After Casey Schmitt homered bottom of the sixth, Crawford made his last plate appearance with the crowd cheering behind him. He grounded out to second in his final at-bat as a San Francisco Giant, the only Major League team he’s been apart of his entire career. Crawford came out for the ninth inning, but was taken out a few moments afterward to receive an ovation from the fans.

“It’s exactly what we hoped for,” Giants acting manager Kai Correa said. “We wanted him to get his flowers, and the biggest thing were those roars and the crowd’s reaction to the opposing dugout’s reaction, our dugout’s reaction, people getting emotional.That’s the loudest noise that overwhelms any production, overwhelms a single swing or a single moment from today’s game.”

Sunday’s game marked Crawford’s 1,655th career game, placing him seventh in Giants history and his 1,616th at shortstop, most ever in franchise history.
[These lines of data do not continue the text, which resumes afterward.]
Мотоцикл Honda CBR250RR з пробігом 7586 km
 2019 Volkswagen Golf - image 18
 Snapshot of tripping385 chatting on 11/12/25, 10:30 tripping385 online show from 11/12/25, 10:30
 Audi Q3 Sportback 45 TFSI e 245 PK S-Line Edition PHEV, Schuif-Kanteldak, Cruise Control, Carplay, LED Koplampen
It was also just the second time in his career that he started in the leadoff spot.

“There was a time where I almost got a little emotional,” said Crawford. “I was just trying to just appreciate it.”
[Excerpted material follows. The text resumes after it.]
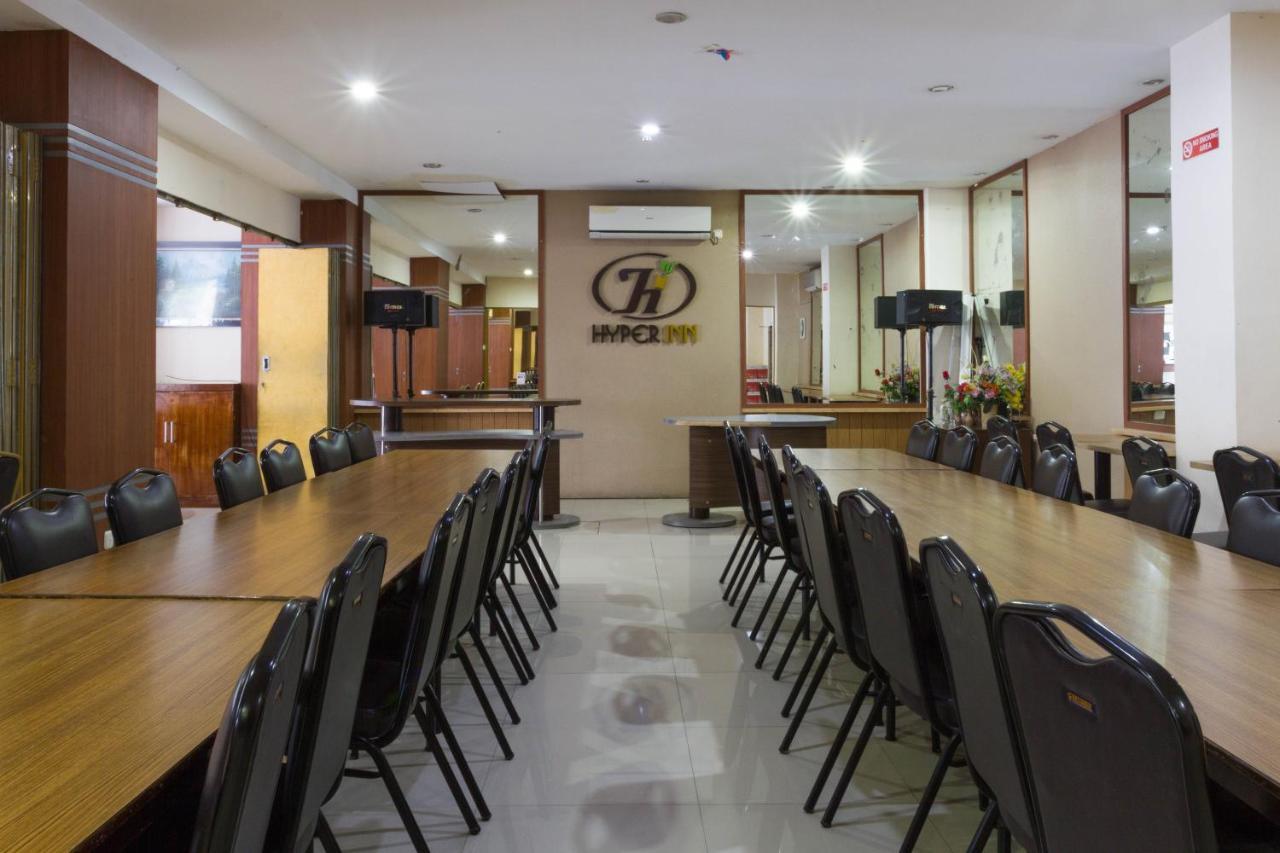Hotel Reddoorz @ Paskal Hyper Square Bandung Exterior foto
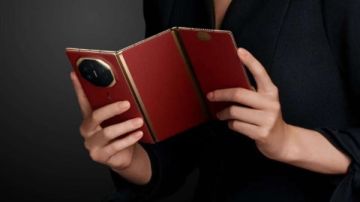 هواوي تعتزم إطلاق هاتفها الثاني ثلاثي الطيات هذا العام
Crawford has yet to fully decide whether or not he’s officially retiring from baseball or coming back for one more year.

“It’s like a dream come true,” he explained on being the local kid who grew up a Giants fan that got to play with the team his entire career. “Just definitely grateful for the opportunity. 

The main thing (on possibly returning) would be, do I want to go back to baseball. I’ll talk to my family about everything and I’m gonna go from there. I haven’t made a decision and this year was far from how I pictured it going. It’s just not kind of how I pictured it to go.”

Kyle Harrison started the finale for San Francisco, tossing five no-hit innings with four strikeouts, two walks while hitting three Dodgers on the day. The Giants bullpen, however, did the exact opposite.

Dodgers catcher Will Smith led off the sixth inning with a single off of reliever John Brebbia. Brebbia walked Max Muncy two batters later and Amed Rosario’s RBI single opened the scoring for the Dodgers with two out in the sixth. Outman hit another RBI single to extend the Dodgers lead to 2-0, then Kike Hernandez launched a three-run home run to left to make it 5-0 after the fifth.

Schmitt hit a pair of home runs bottom of the sixth and the eighth inning to close the gap 5-2 entering the final frame. He recorded his fourth and fifth home runs of the season, marking his first-career multi-homer game. Schmitt was just the seventh Giant to homer twice in a game this season and the last since Wilmer Flores did so on July 18 in Cincinnati.

San Francisco finished the regular season at 79-83 while LA got to the 100-win mark at 100-62 for the third straight season and the fourth time in the last five years.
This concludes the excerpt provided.